Work to be completed. Reproduce the listing below word for word, with no pictures.

Data section.
━━━━━━
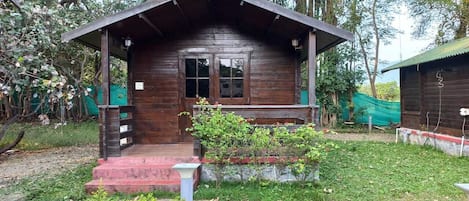 Classic Bungalow | 1 bedroom, desk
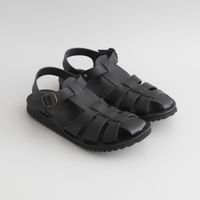 ブラック
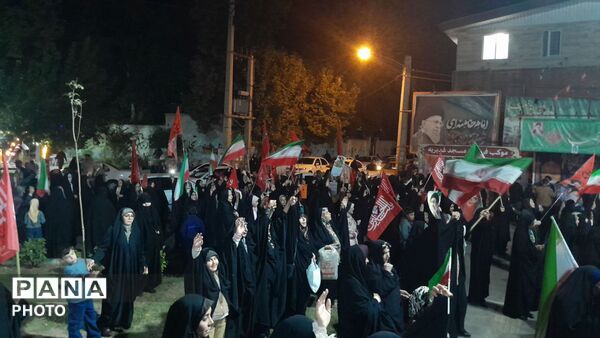 هم‌صدایی مردم در خیابان‌های شهر در بیعت با رهبر انقلاب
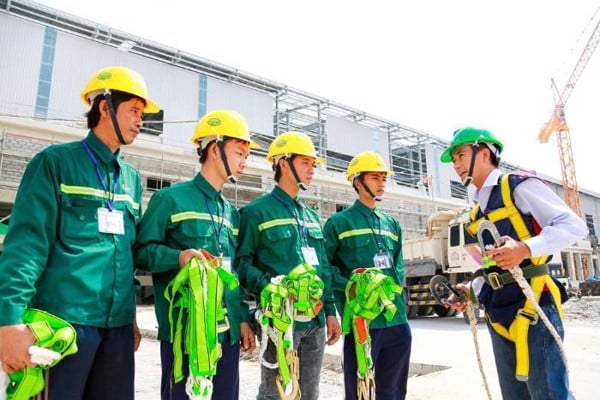 Kính bảo hộ lao động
━━━━━━
Your response.
 Classic Bungalow | 1 bedroom, desk
 ブラック
 هم‌صدایی مردم در خیابان‌های شهر در بیعت با رهبر انقلاب
 Kính bảo hộ lao động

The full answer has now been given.